◆ Task statement ◆
Taking the entries below, transcribe only the lines starting with the one with "Makarova - Front" and going on through the one with "est Summer Sexy", exactly as written, without the pictures.

◆ Listed entries ◆
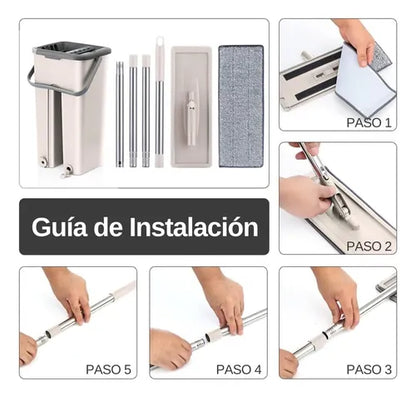 Trapeador 360° + Cubeta Integrada (Compra hoy y recibe spray limpiador multiusos GRATIS)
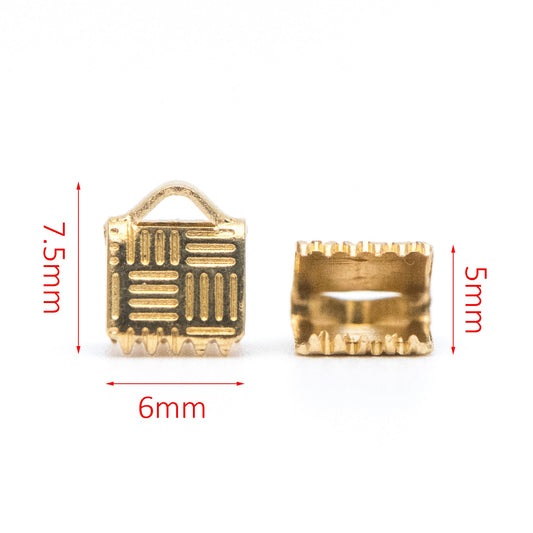 50pcs Raw Brass Crimp End Tips, Leather Hemp or Cord End Caps 6/ 15mm (RB-107)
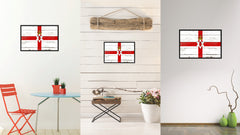 North Irish Ulster City Northern Ireland Country Flag Vintage Canvas Print with Black Picture Frame Home Decor Wall Art Collectible Decoration Artwork Gifts
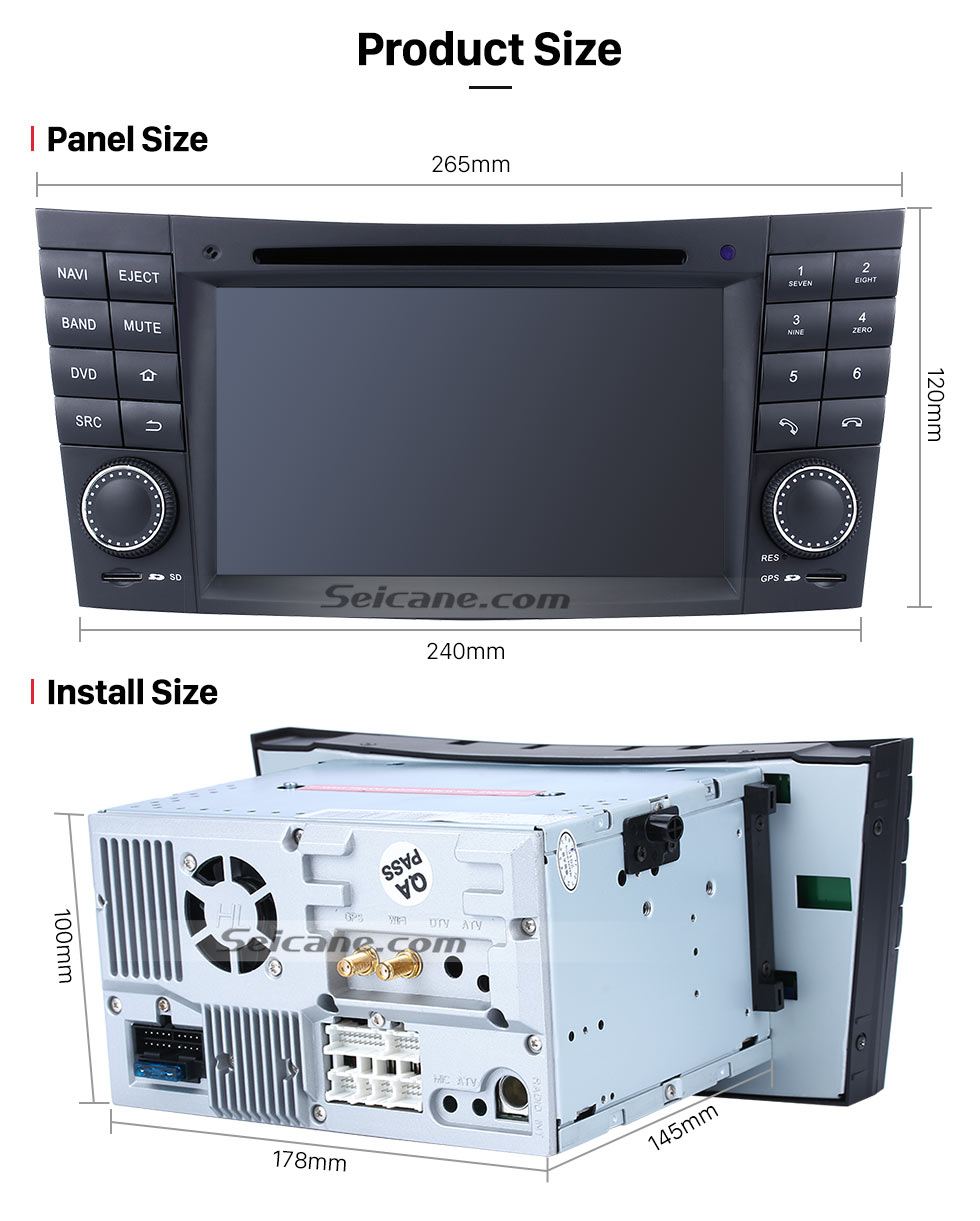 Seicane 2002-2008 Mercedes-Benz E-Class W211 E200 E220 E240 E270 E280 Android 8.0 GPS Navigation system Radio DVD Player Touch Screen TV HD 1080P Video Rearview Camera steering wheel control USB SD Bluetooth WiFi Seicane 2002-2008 Mercedes-Benz E-Class W211 E200 E220 E240 E270 E280 Android 8.0 GPS Navigation system Radio DVD Player Touch Screen TV HD 1080P Video Rearview Camera steering wheel control USB SD Bluetooth WiFi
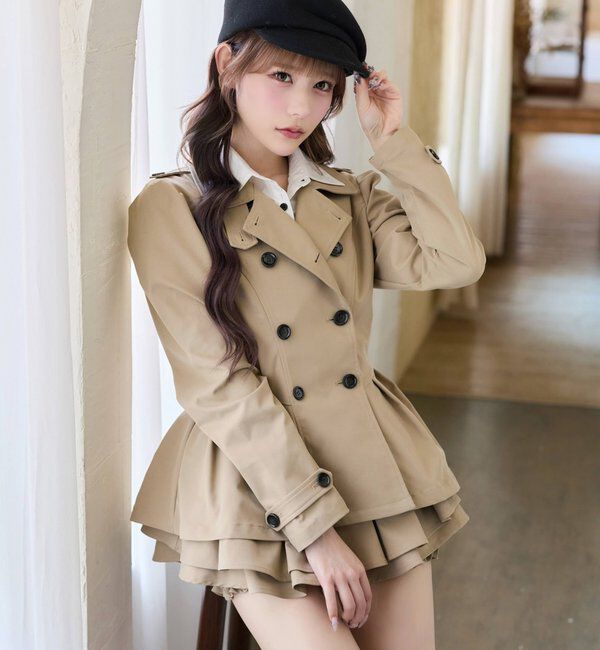  「【Premium order】レイヤード風フレアミニスカート/セットアップ可能」|スカート|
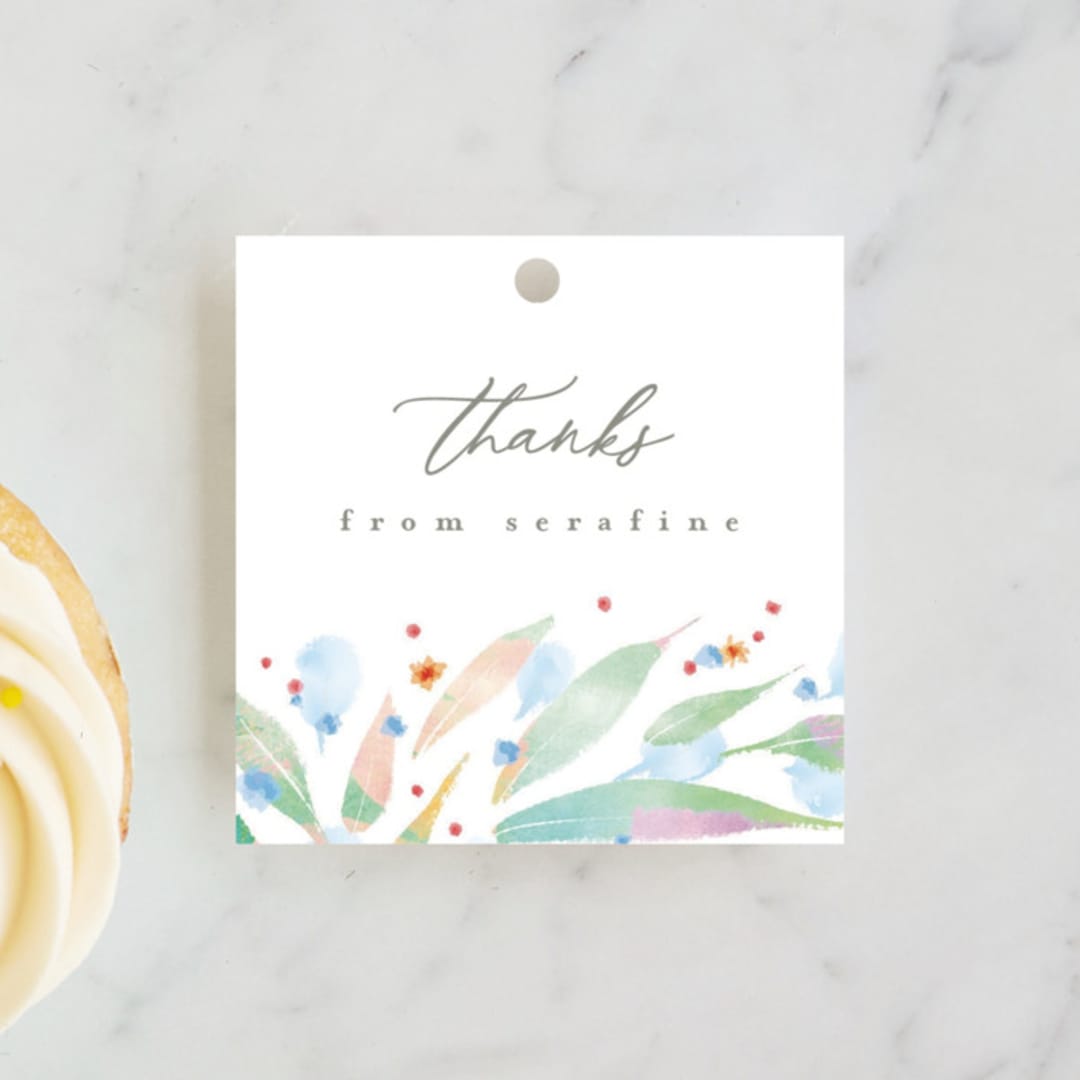 "fairy frame" - Children's Birthday Party Favor Tags in Mint by Anastasia Makarova - Front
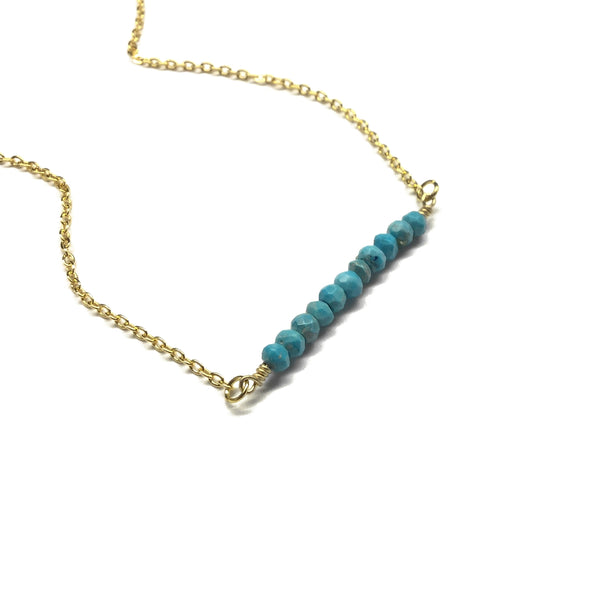 turquoise bead bar pendant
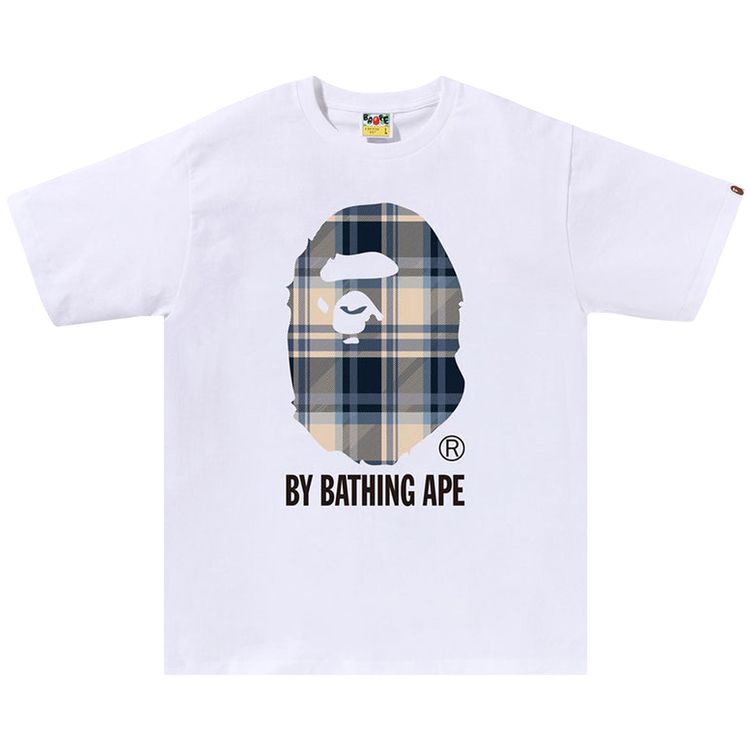 BAPE Check By Bathing Ape Tee WhiteBlue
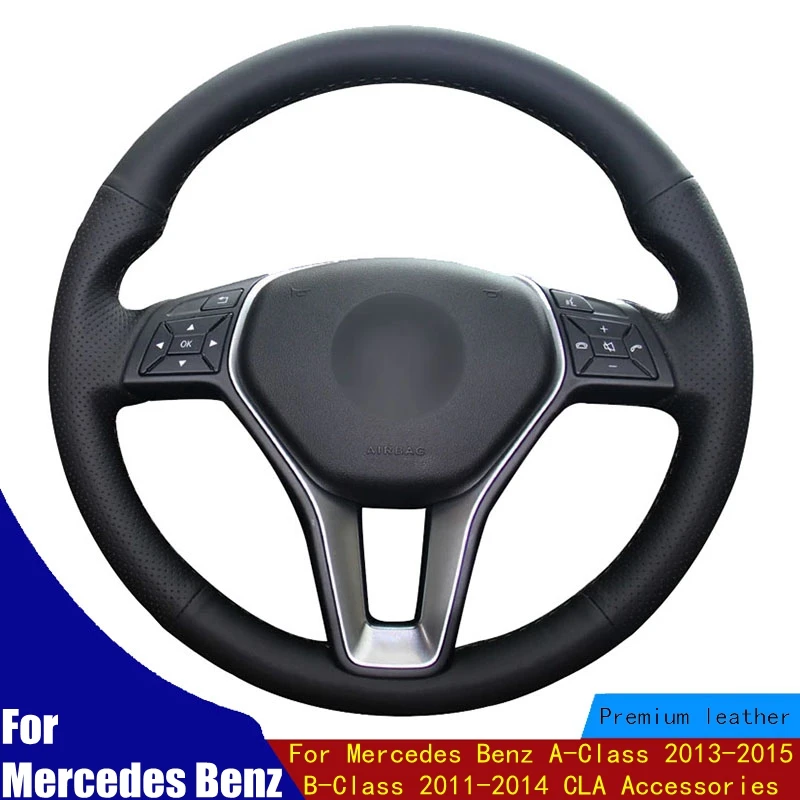 

Car Steering Wheel Cover Hand-stitched PU Artificial Leather For Mercedes Benz A-Class 2013-2015 B-Class 2011-2014 CLA Accessori
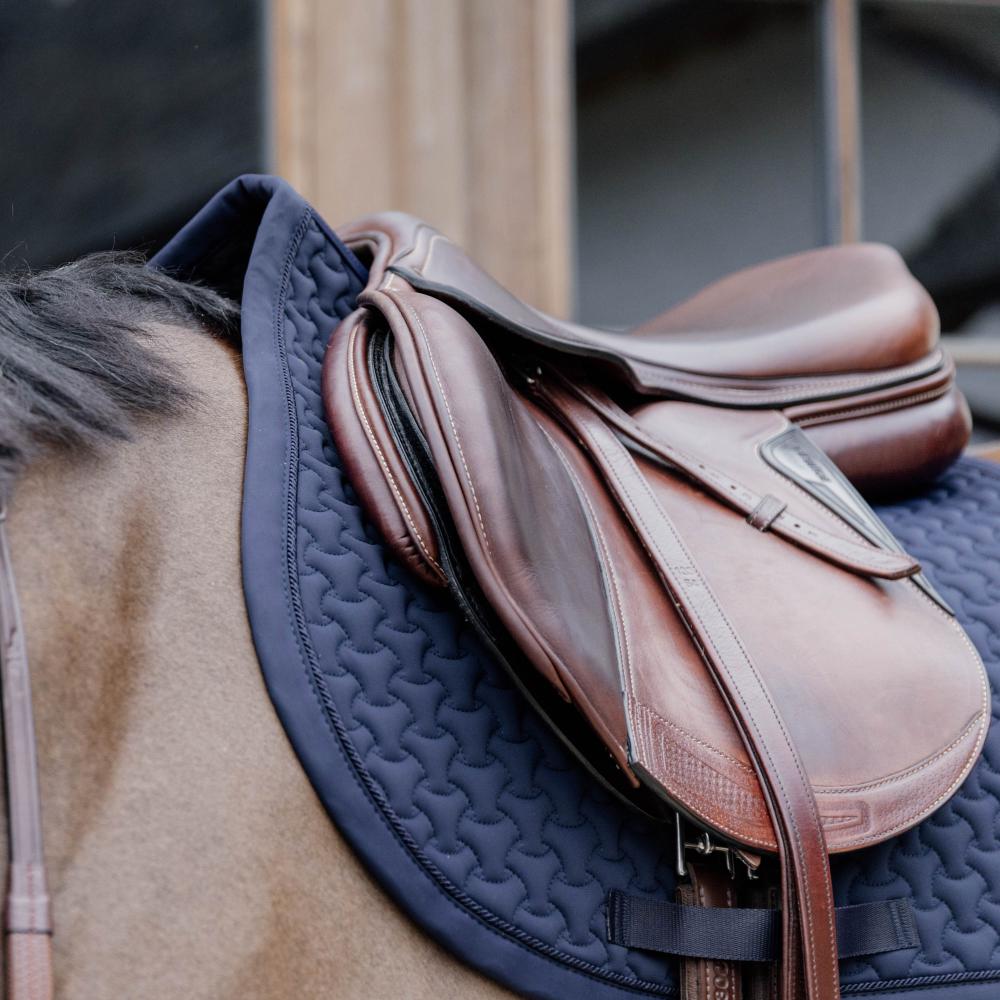 Saddle Pad plaited  3D logo show jumping navy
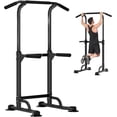 thumbnail image 1 of SOGES Height Adjustable Power Tower Dip Stands Pull up Bar Strength Training for Home Gym Black, 1 of 8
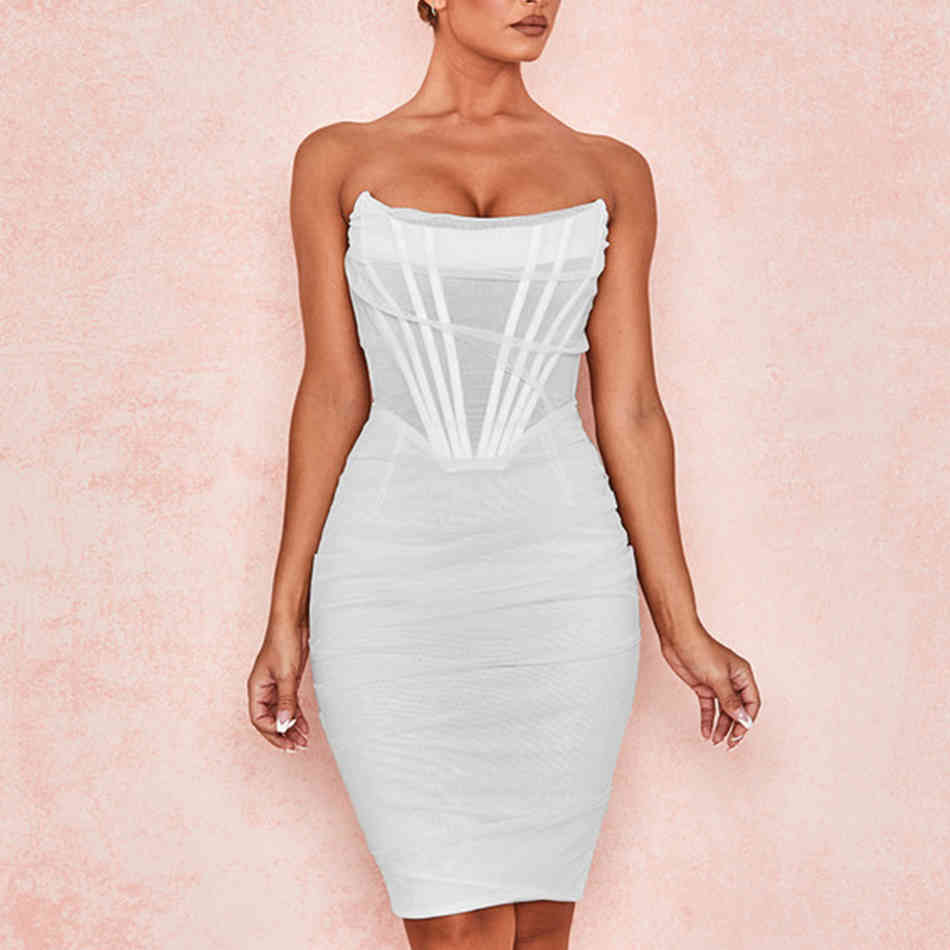est Summer Sexy Women Dresses White Strapless Line mesh Sleeveless Party Dress Backless Clubwear Midi Vestidos 210423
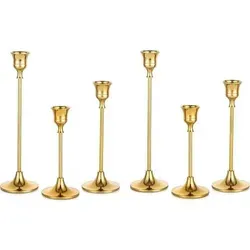 Kerzenständer Metall Gold für Spitzkerzen – 6er Set - Elegantes 6er Set aus Metall in Gold für Spitzkerzen. Mit drei unterschiedlichen Höhen (15 cm, 18,5 cm, 23,5 cm) ideal für festliche Anlässe. Perfekte Passform für Standardkegelkerzen – bringe stilvolle Akzente in dein Zuhause!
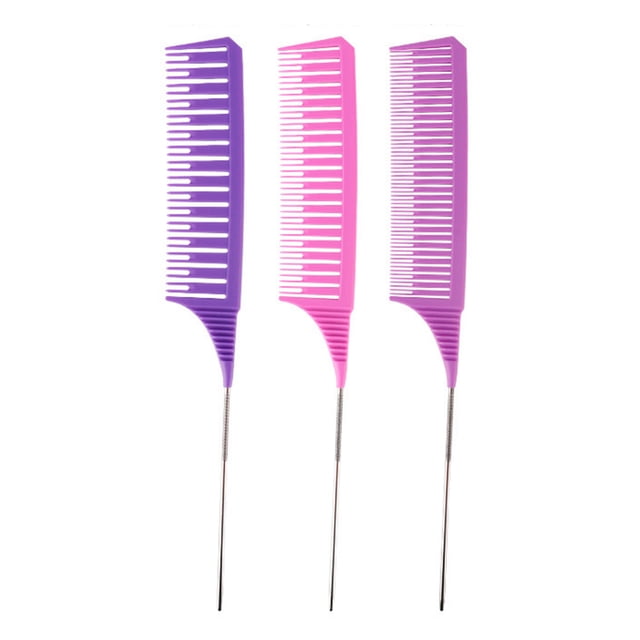 Graflsoa Ingrid Hair Dye Comb Set - Stainless Steel & PP Dyeing Tools with Dense Teeth for All Hair Types, Includes 3 Multi-Color Combs for Precision Hair Coloring and Styling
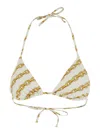 Versace Foulard Print Triangle Bikini Top In Multicolor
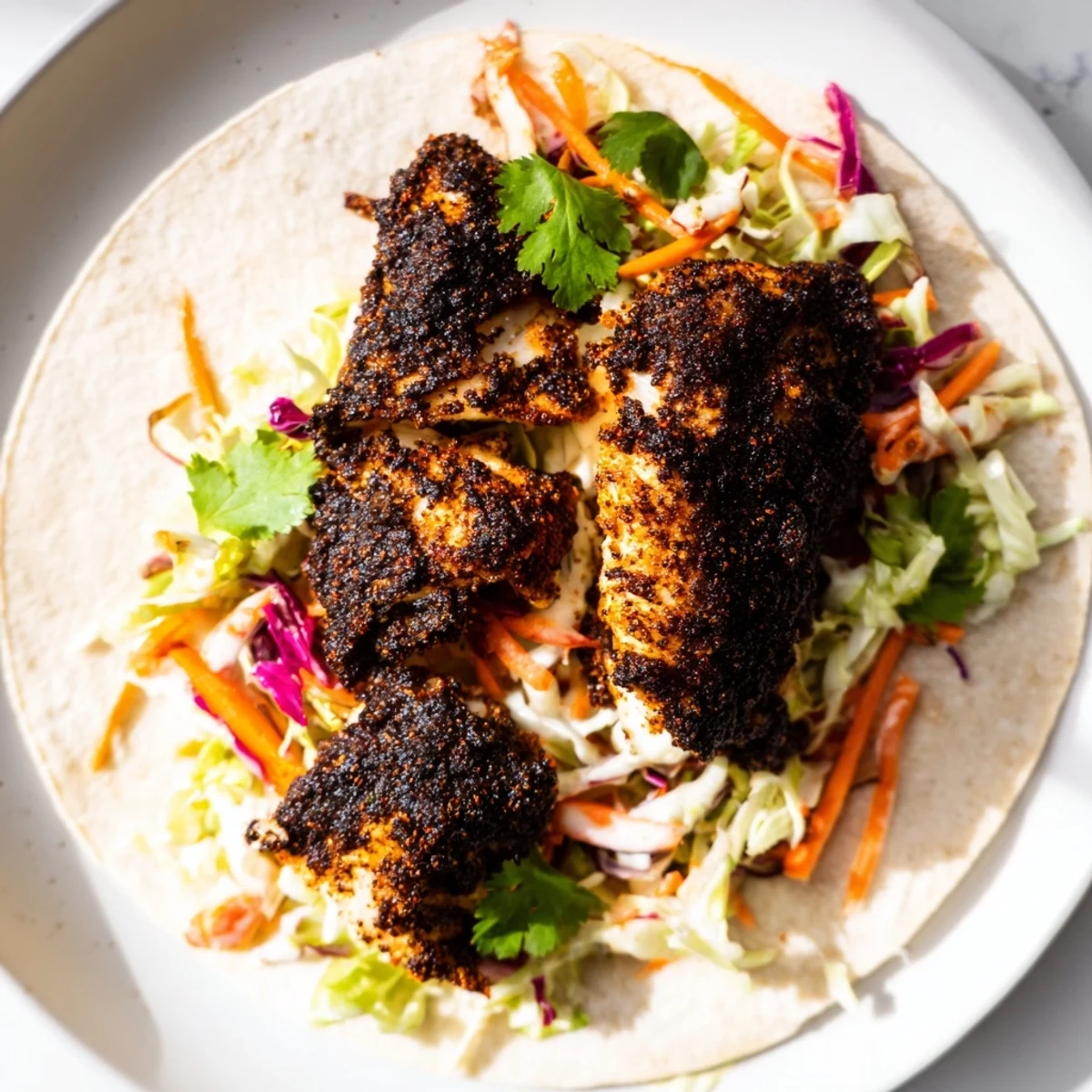 Topped with zesty slaw and lime wedges, Blackened Fish Tacos with Slaw are a quick, flavorful meal.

◆ Exercise result ◆
 "fairy frame" - Children's Birthday Party Favor Tags in Mint by Anastasia Makarova - Front
 turquoise bead bar pendant
 BAPE Check By Bathing Ape Tee WhiteBlue

Car Steering Wheel Cover Hand-stitched PU Artificial Leather For Mercedes Benz A-Class 2013-2015 B-Class 2011-2014 CLA Accessori
 Saddle Pad plaited  3D logo show jumping navy
 thumbnail image 1 of SOGES Height Adjustable Power Tower Dip Stands Pull up Bar Strength Training for Home Gym Black, 1 of 8
est Summer Sexy Women Dresses White Strapless Line mesh Sleeveless Party Dress Backless Clubwear Midi Vestidos 210423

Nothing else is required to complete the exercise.